What’s Next in The Cumulus Bankruptcy?

3

CEO Mary Berner expects the company to come out a meaner, leaner company by May and it’s business as usual at the station level. Market Managers we spoke to Thursday said it is business as usual and they feel pretty good about things because of the transparency in the corporate office. So what’s next?

Because this isn’t quite a pre-packaged Chapter 11 filing (one lawyer told is it’s called a pre-arranged filing with a cram-down) not everyone on the debt side has signed on. Junior lenders have to decide whether it’s worth their time and money to fight what they’re getting, or sign on and take whatever they get. Of course, investors get nothing. Their stock is worth zero.

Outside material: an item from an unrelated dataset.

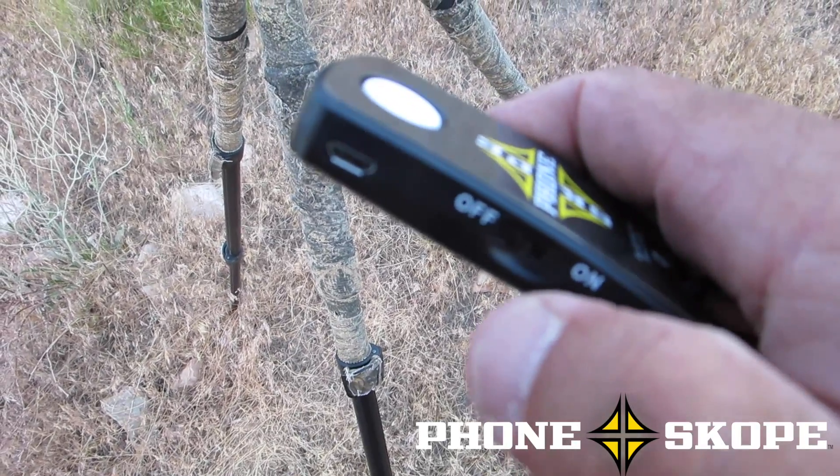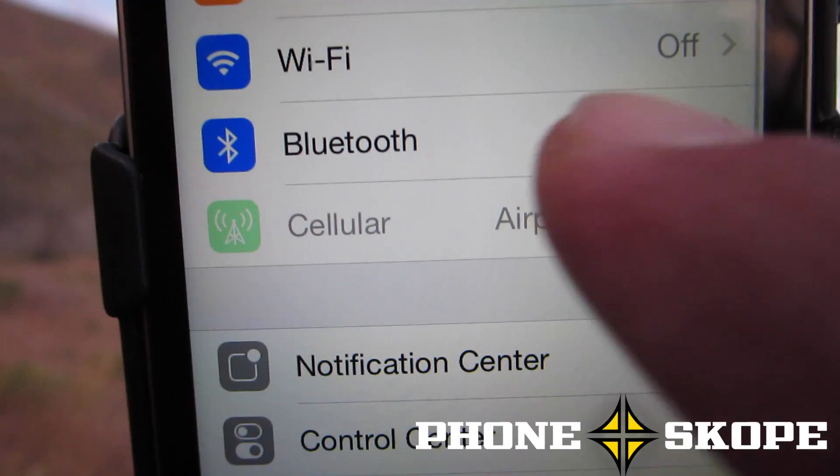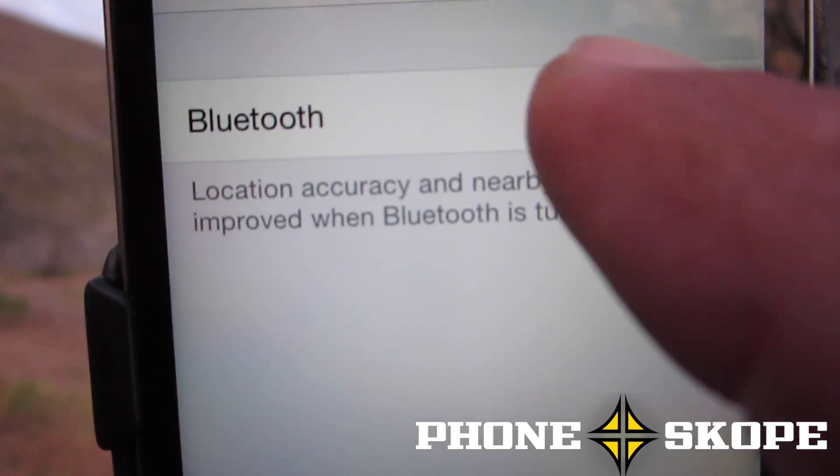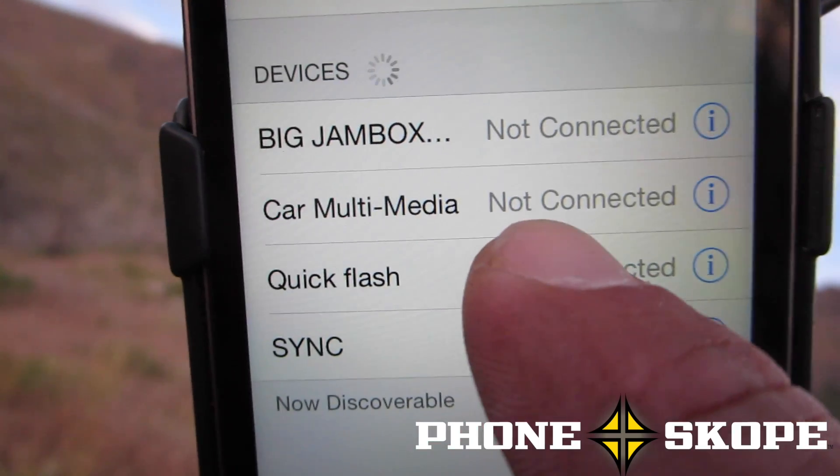PhoneScope has a Bluetooth-enabled remote. This little button right here controls the shutter on the camera of your cell phone. You flick the switch on, and then go into your Bluetooth, and there's your quick flash.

Critical vendors like Nielsen will probably work with Cumulus to be paid, according to one lawyer we spoke to (Nielsen did not respond to our question: ‘Will you continue to provide ratings to Cumulus being they are so far behind on their bill?). Cumulus needs the ratings, especially in the larger markets the company says are starting to make a turnaround. The court document says Nielsen is owed millions of dollars.

We took a look at the 118-page court filing where CFO John Abbot details exactly how Cumulus put itself in such an awful position.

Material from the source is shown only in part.